What’s driving markets
On Thursday, the 10-year Treasury yield briefly rose above 4.31%, the most since the 2007-2008 global financial crisis, as resilient economic data suggests central banks may need to raise interest rates further to quell inflation.
The minutes of the last Federal Reserve policy meeting, published Wednesday, showed policy makers still concerned that inflation would fail to fall much further and more interest rate increases could be needed.
However, markets are pricing in an 86.5% probability that the Fed will leave interest rates unchanged at a range of 5.25%-5.5% on Sept. 20, according to the CME FedWatch Tool. The chance of a 25-basis-point rate hike to a range of 5.5%-5.75% at the subsequent meeting in November is priced at 35.8%.

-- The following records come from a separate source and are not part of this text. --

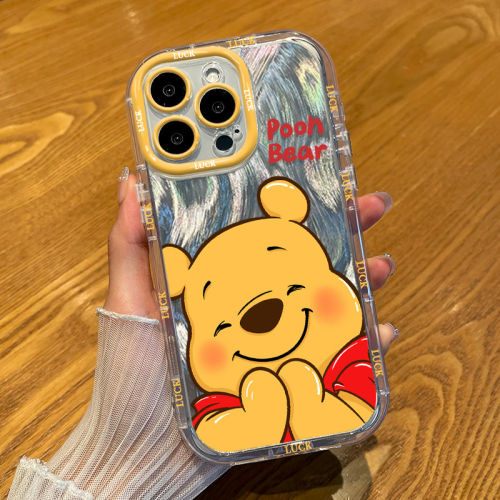 iPhone15Plus适用14手机壳软16卡通掌声维尼熊17ProMax可爱荣耀MAGIC8泡芙羽纱苹果13ins风VIVOiQOOneo11新款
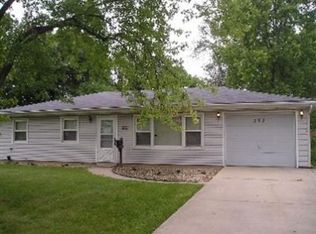 373 Clear Creek Dr, Valparaiso, IN 46385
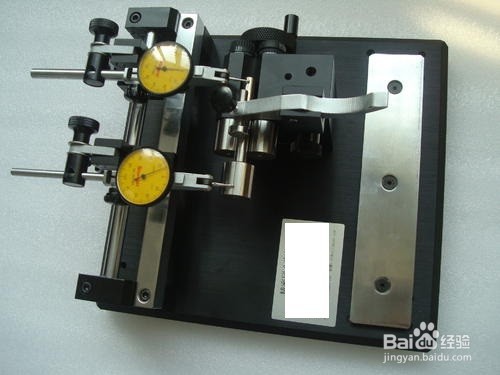 Phương pháp đo bằng máy chiếu tia quang học laser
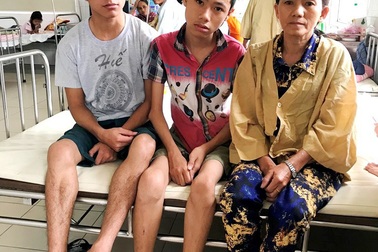 "Mỗi lần chân đau nhức, cháu chỉ biết thức trắng đêm nằm khóc !"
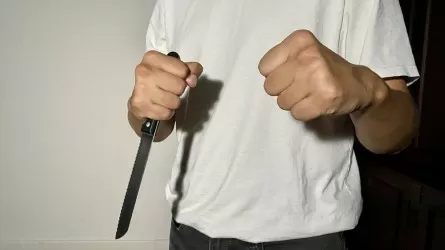 Мұғалімі мен сыныптасына пышақ сұққан бала үй қамағына алынды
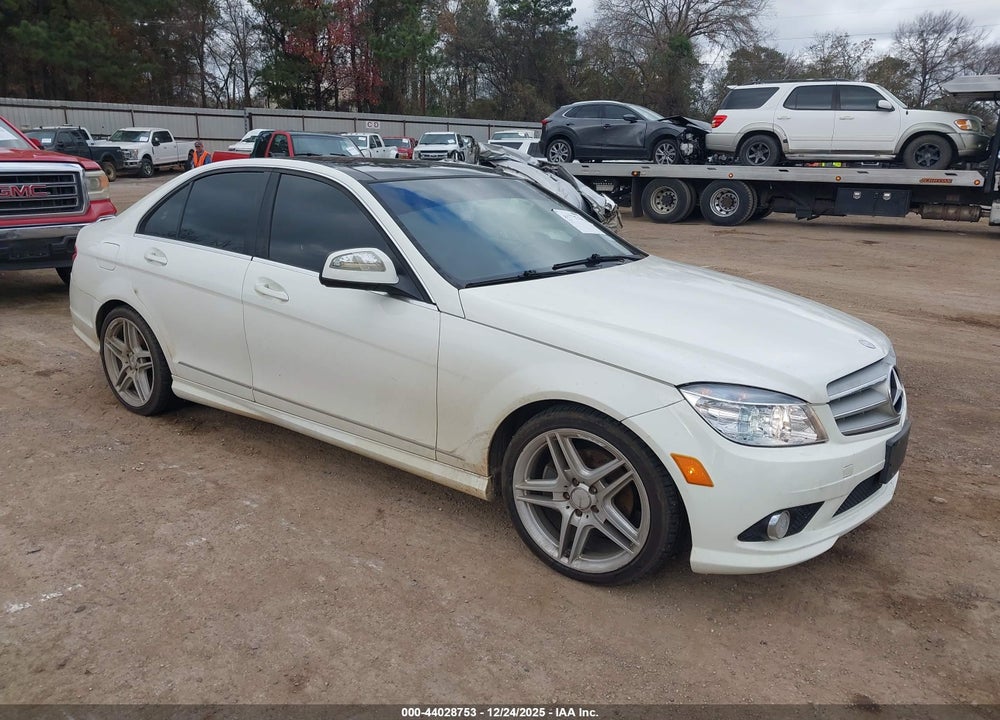 2008 MERCEDES-BENZ C 300 LUXURY/SPORT VIN: WDDGF54XX8R012879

In U.S. economic updates on Thursday, initial jobless benefit claims fell 11,000 to 239,000 last week, reflecting a low level of layoffs, and the Philadelphia Fed manufacturing gauge for August reflected the first positive reading in a year.
What analysts are saying
Ten-year yields “made it to 4.31% overnight as the selloff continues and we expect today’s preoccupation in the Treasury market will be monitoring the cycle high yield print at 4.335% from October of last year,” said BMO Capital Markets strategists Ben Jeffery and Ian Lyngen. “A challenge of that threshold looks increasingly probable, and with little in the way of economic data between now and a late August weekend, we’re reminded that low conviction trading in close proximity to meaningful technical thresholds can inspire an outsized price response.”